Kommt ein Mieter mit der Zahlung der Miete in Verzug, droht ihm bei ausreichender Höhe der Mietschuld gem. § 543 Abs. 2 Nr. 3 BGB die fristlose Kündigung des Mietverhältnisses.
Er kann sich dann auch nicht darauf berufen, dass er die Miete nicht habe zahlen können, weil er auf Sozialleistungen angewiesen sei und das Sozialamt nicht (vollständig) oder verspätet gezahlt habe. Denn auf ein Verschulden des Mieters kommt es in diesem gesetzt gesondert geregelten Fall ausdrücklich nicht an.

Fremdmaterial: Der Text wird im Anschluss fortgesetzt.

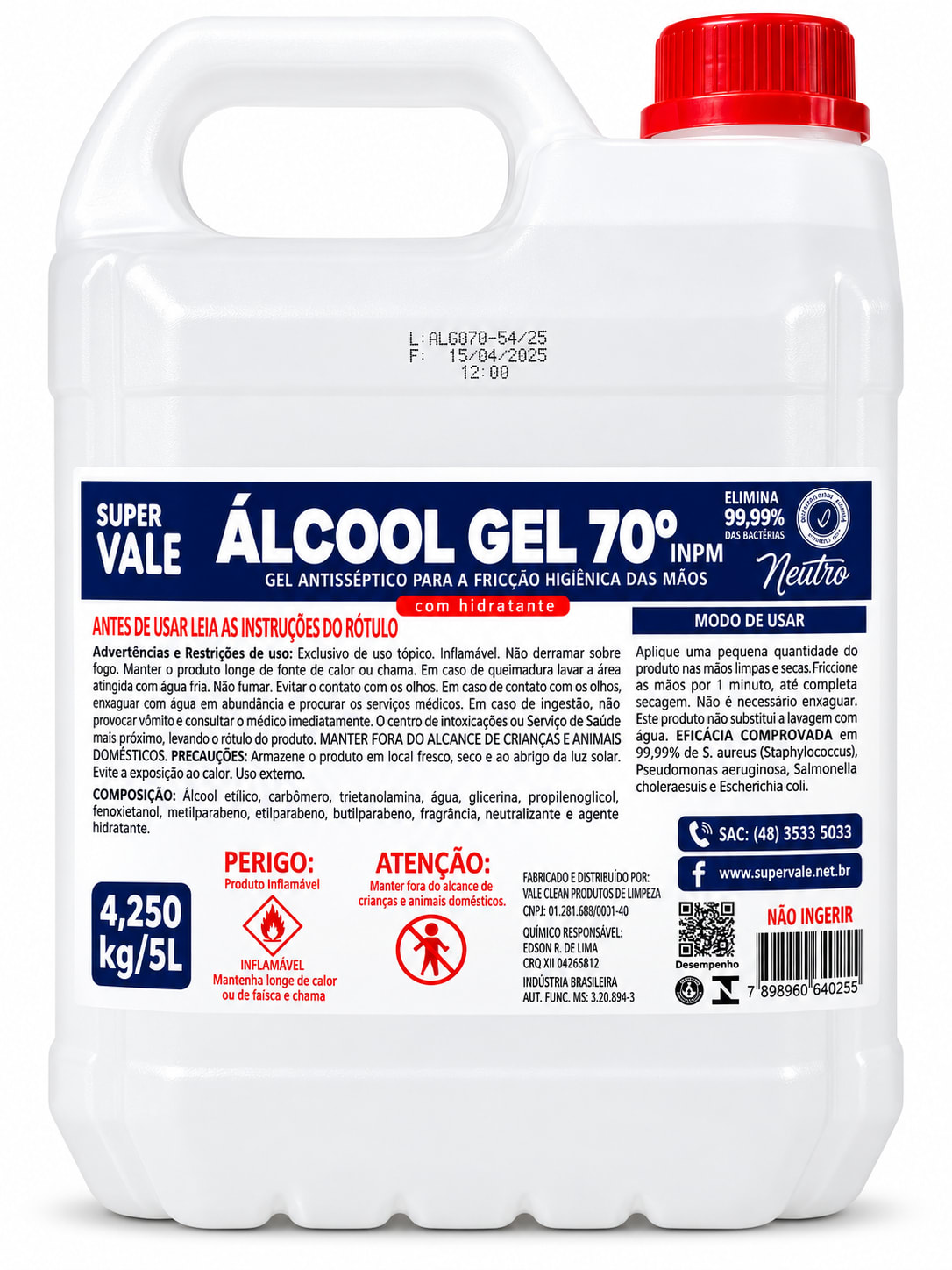 Álcool em Gel 70 5L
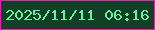 文字の大きさ：2、枠の色：f51ab8、背景の色：124027、文字の色：69f09c 無料ブログパーツのブログ時計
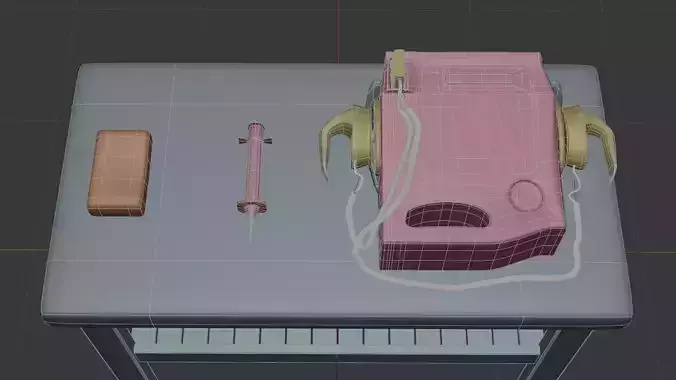 Cardiac Defibrillator Low-poly 3D model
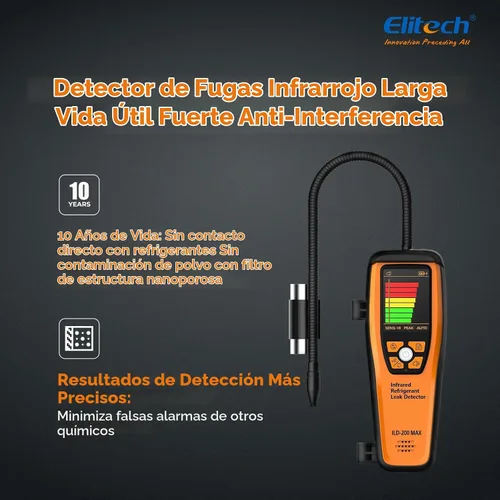 Vista 3 de Elitech Detector de fugas de refrigerante infrarrojo ILD-200 max Detección de fugas HVAC/R de alta precisión, vida útil del sensor de 10 años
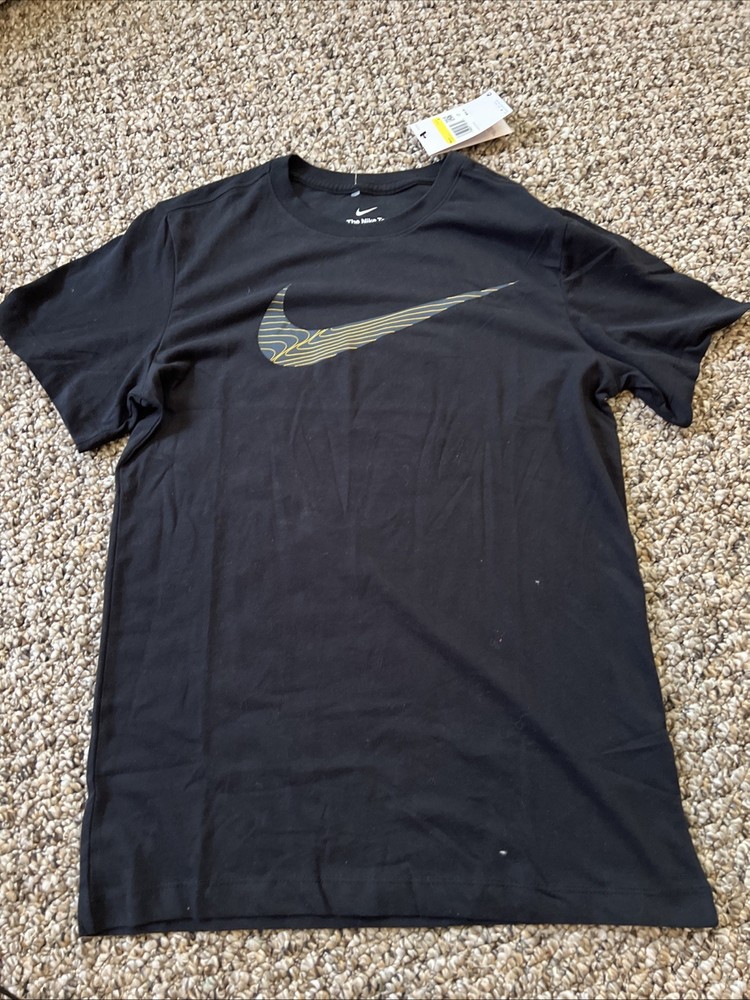 The Nike Tee T-Shirt Mens Small Dri Fit Black Athletic Cut Swoosh Short Sleeve S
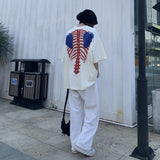 Kapital T Shirt Pingtian Hehong Back Skeleton Bone Print Men's and Women's Short Sleeve T-shirt Half Sleeve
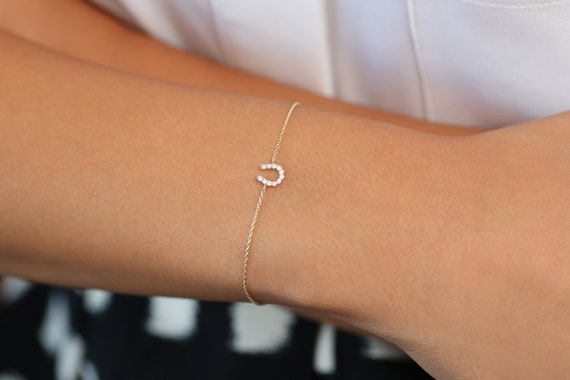 Mini Diamond Horseshoe Bracelet / 14k Gold Lucky HorseShoe Charm Bracelet with Diamonds /Lucky Charm Bracelet / Memorial Day Sale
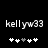 Pixelated text 'kellyw33' appears above five heart symbols on a black background, with the third heart changing from white to gray between two states.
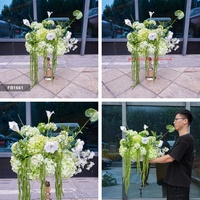 Arreglo Floral Verde para Boda 2027, Hortensia Verde Artificial de Seda, Bola de Flores Blancas de 50 cm para Decoración de Bodas y Fiestas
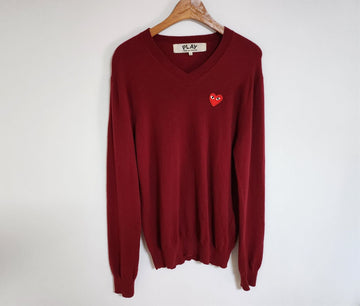 COMME DES GARCONS Burgunderrote Wappen Herren Wollpullover A2077 73098007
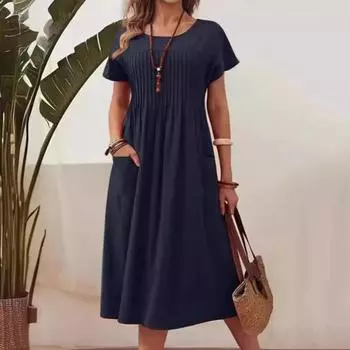 Женское повседневное платье, платье макси с круглым вырезом, короткими рукавами и карманом, свободное летнее платье для офиса, повседневная пляжная вечеринка XL армия зеленый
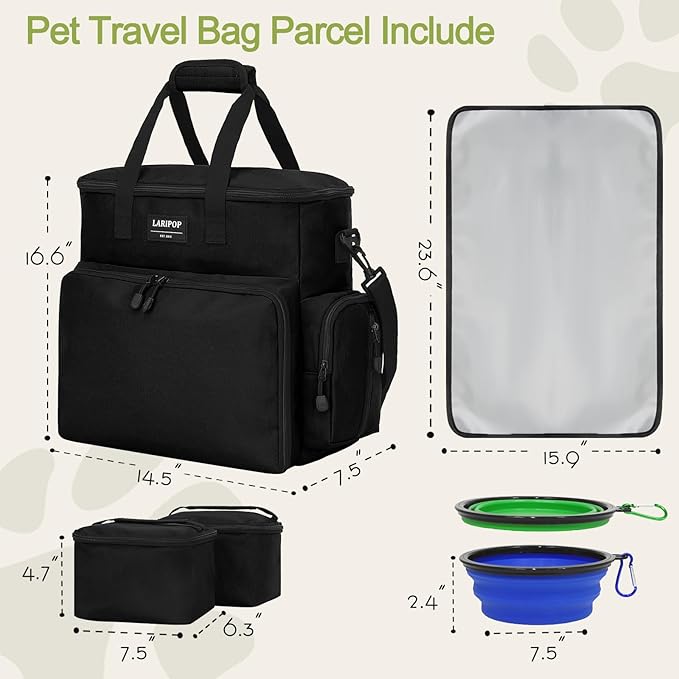 Dog Travel Bag,Weekend Pet Travel Bag Set for Dog and Cat,Airline Approved Tote Multi-Function Dog Bags for Traveling,Include 2 Collapsible Bowls,2 Food Storage Containers,1 Feeding Mat,Black-PurrikoPets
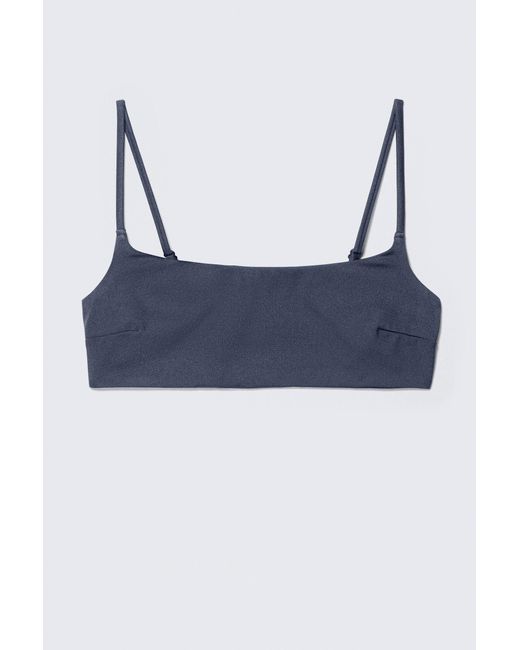 Weekday Blue Scoop Neck Bikini Top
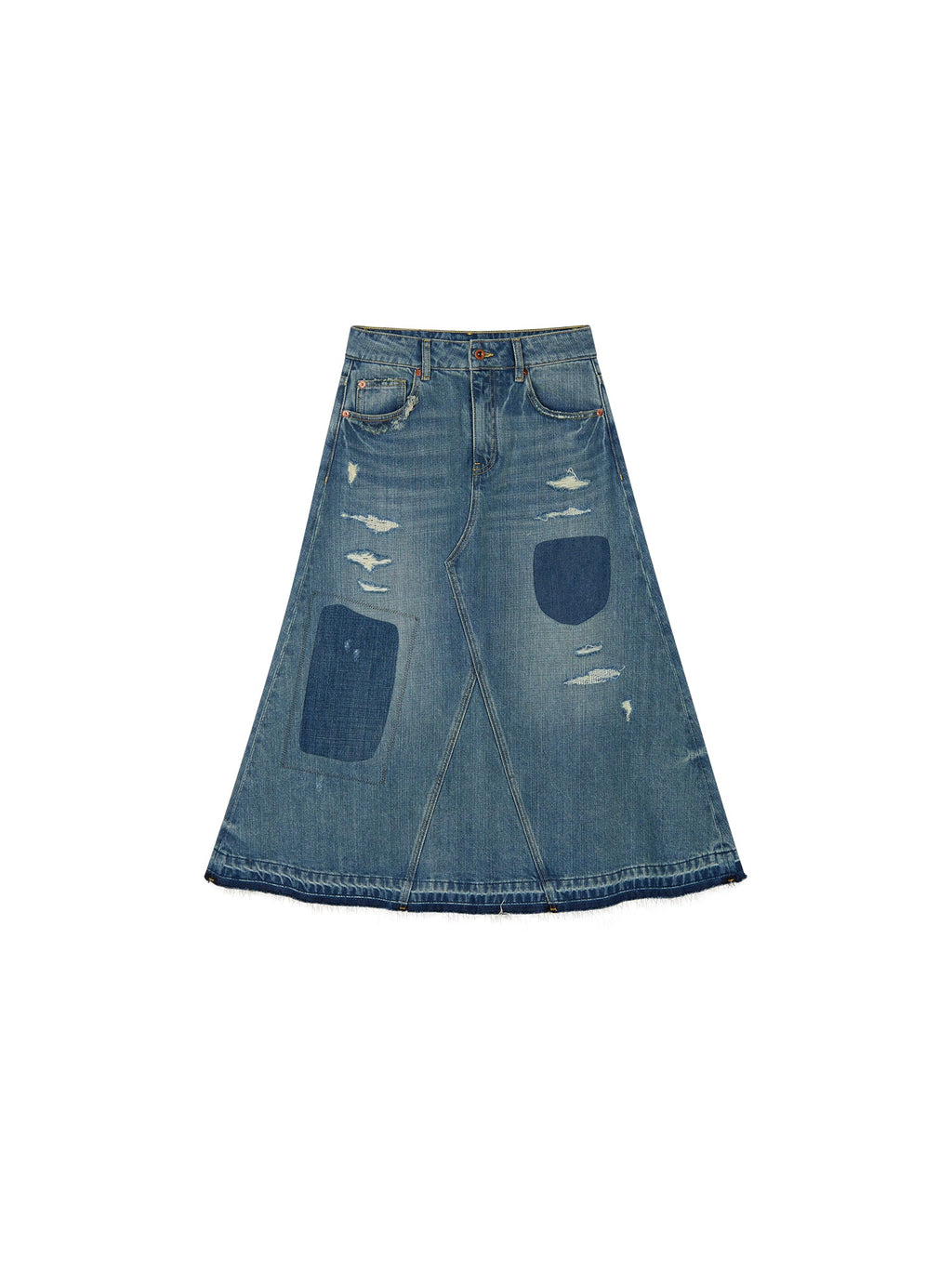 Distressed patchwork denim skirt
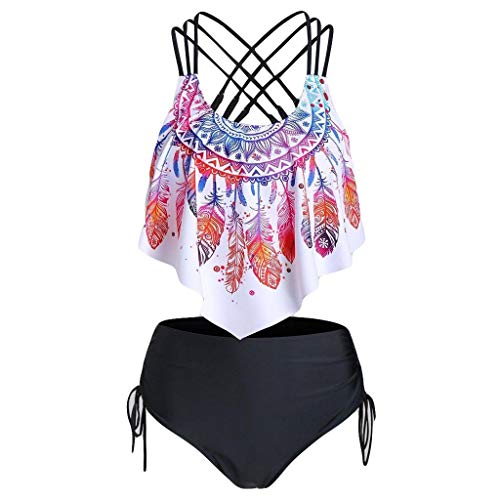 Women Feather Print Strappy Cinched Tankini Swimwear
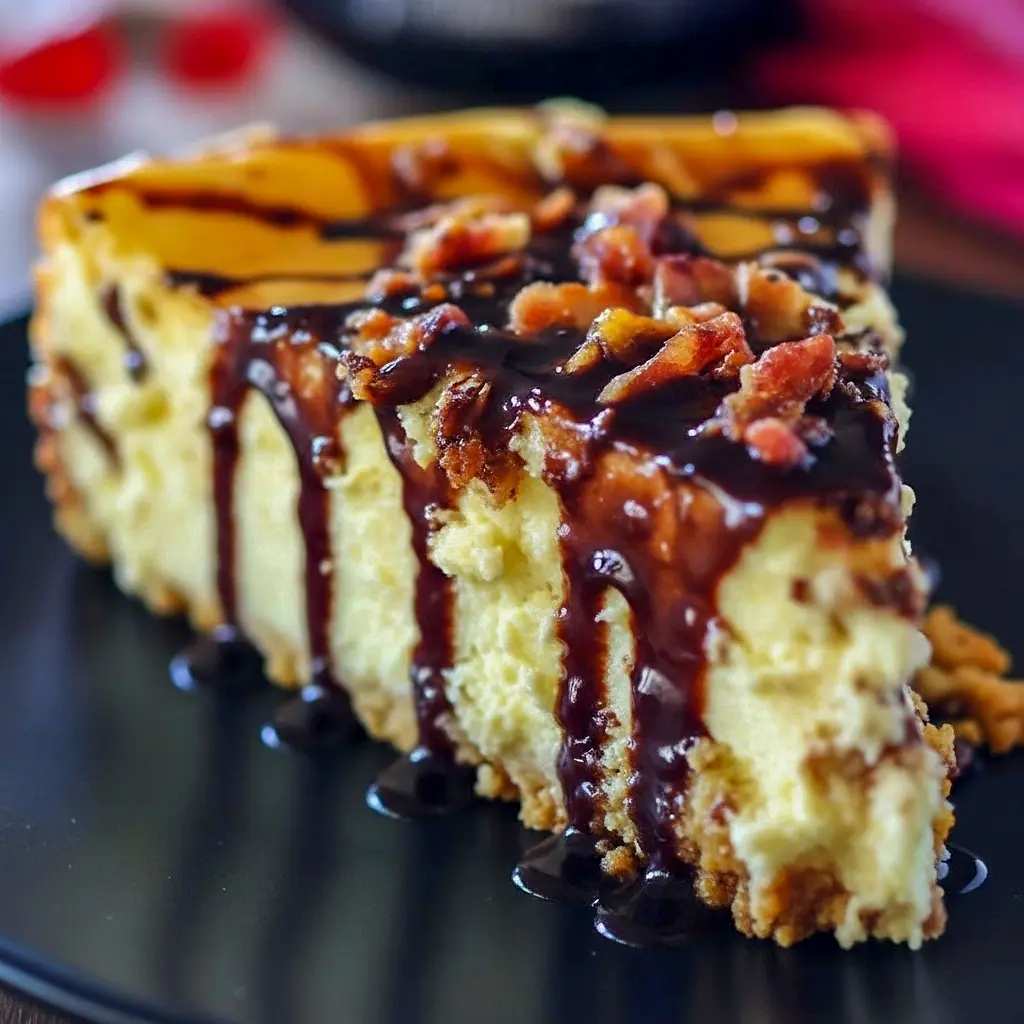 Slice of bourbon-caramel cheesecake on a plate, creamy interior visible, drizzled sauce and chopped crispy bacon on top, fork at the side.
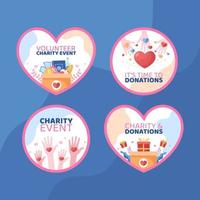 Charity Donation Label Template Flat Cartoon Background Vector Illustration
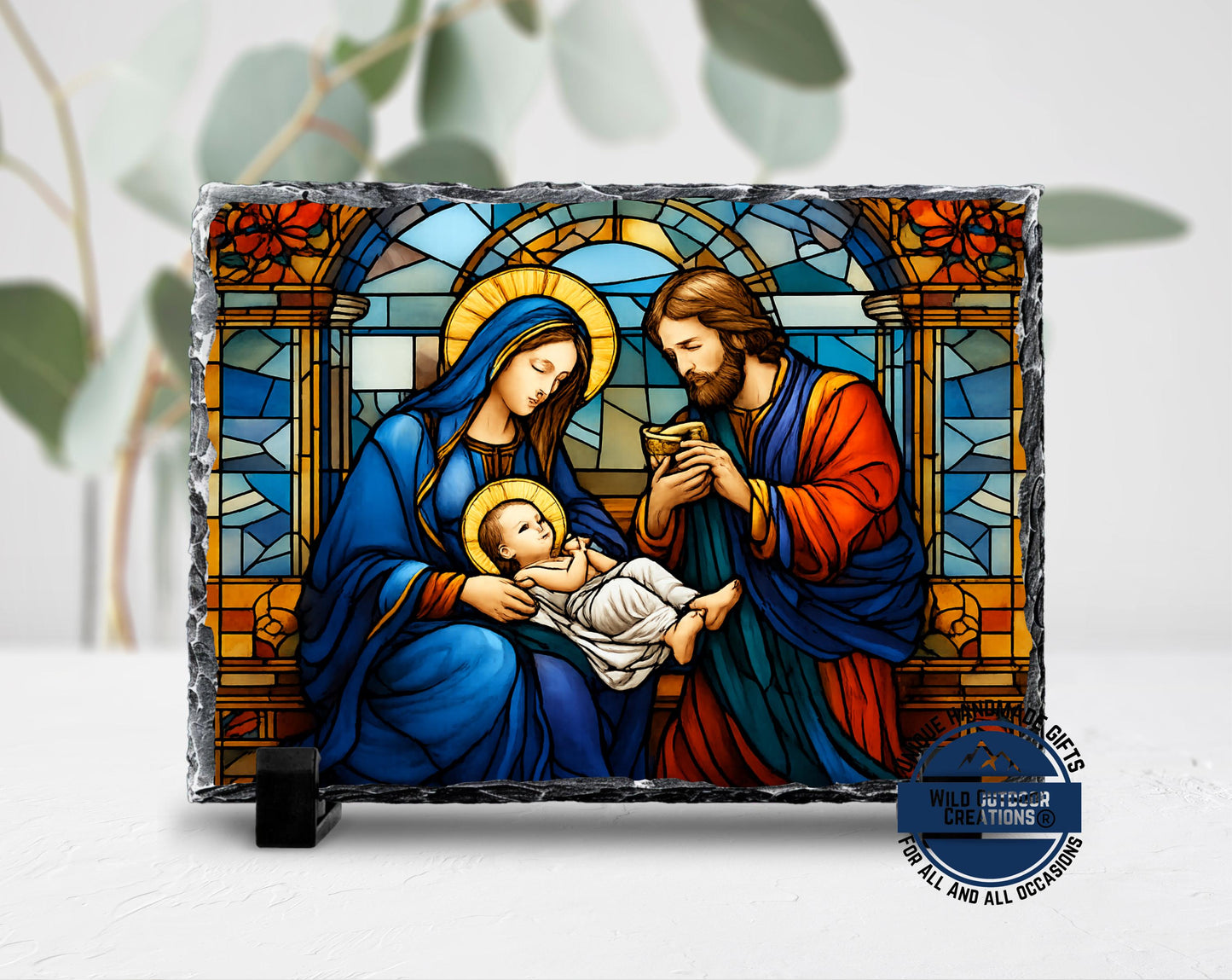 Holy Family Faux Stained Glass Slate Plaque, Mary Joseph Baby Jesus Religious Gift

Dies hat nun der Bundesgerichtshof in einem Urteil vom 4.2.2015 (Az: VIII ZR 175/14) hervorgehoben. Der Mieter musste nach einem Zuständigkeitswechsel des Sozialamtes dies zuerst erfolgreich auf Übernahme der Wohnungskosten verklagen; in der Zwischenzeit waren aber die Mieten für die Monate Oktober 2013 bis März 2014 nicht an den Vermieter geflossen, der daraufhin die Geduld verlor und fristlos kündigte.
Zurecht, befand nun der VIII. Zivilsenat des BGH, denn der für eine fristlose Kündigung erforderliche wichtige Grund im Sinne von § 543 Abs. 1 Satz 1, Abs. 2 Satz 1 Nr. 3 Buchst ...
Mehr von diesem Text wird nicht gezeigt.